The calculation done with the equation of the χ2 method gives a value of χ2 = 0.49, which is much lower than the limit of 15.51. Even more stunning is the examination of the data from 2016, including 806928 meteor echoes analyzed which yield a value of χ2 = 0.74.
We can conclude that the data measured by RAMBo perfectly follows Newcomb-Bedford’s law. Hence, the data is “natural”, i.e. the data does not contain human or artificial pollution which would have led to a different distribution than the Newcomb-Bedford one. We can assume that the apparatus that we have designed and constructed does not produce artifacts.
It is of great interest to focus on the merits of the second feature of the Newcomb-Bedford law. Its application was able to detect financial fraud to the detriment of a major US tourism and entertainment company. The presence of thirteen false checks from fraudulently collected sums was discovered with this method. The Brooklyn District Attorney’s Office also benefited from the Newcomb-Bedford law proving fraud in seven New York companies (Livio, 2003). Other cases concern the discovery of financial data falsification, company financial statements, tax returns, stock exchange reports, and even electoral frauds (Benegiamo, 2017). Even more interesting is the study by geologists on the geophysical data that preceded the great Sumatra-Andaman earthquake of December 26, 2004, with a magnitude of up to 9. It seems that this data was significantly different from the Newcomb-Bedford’s distribution, while those measured twenty minutes later were back to normal. If such a behavior could be confirmed and found in other occasions, it could open up an important field of investigation in the prevention of seismic phenomena (Benegiamo, 2017).
The question arises whether in a stressful situation or in any exceptional case different from the usual situation, a tendency could appear in measured data to deviate from a normal behavior.
At this point we wondered whether the behavior of the data collected during a meteor shower would deviate from the data collected over a period of time dominated by sporadic meteors.
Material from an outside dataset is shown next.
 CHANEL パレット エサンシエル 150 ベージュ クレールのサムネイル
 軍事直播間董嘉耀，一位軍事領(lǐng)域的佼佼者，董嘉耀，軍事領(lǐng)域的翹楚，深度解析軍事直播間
If this condition really occurs, it would be a third indication for the presence of a shower, in addition to the two that we already measure, e.g. the HR (Hourly Rate) and the “mass index” of the meteors ablating in the atmosphere.
We have therefore tried to analyze the data from one of the strongest meteor showers, for example the Quadrantids of 2017. We followed the same procedure as previously used for the calculation of some samples from periods dominated by sporadic meteors only.
The result shows no difference; therefore there is no different behavior in the Newcomb-Bedford analysis between meteor showers and sporadics (Figure 5).
Meteor showers cover very short periods of time, thus the amount of the analyzed data is much smaller and therefore it does not follow the first condition of the Newcomb-Bedford law, but it is probably wiser to say that this hypothesis is unfounded.
References
Dragoni Giovanni, Bergia Silvio and Gottardi Giovanni (1999). “Dizionario Biografico degli scienziati e dei tecnici”. Editrice Zanichelli.
Livio Mario (2003). La sezione aurea. Editore Rizzoli.
Benegiamo Gianfranco (2017). “C’è anche nel cielo la dittatura del numero 1”. Le Stelle mensile, n°163, February 2017.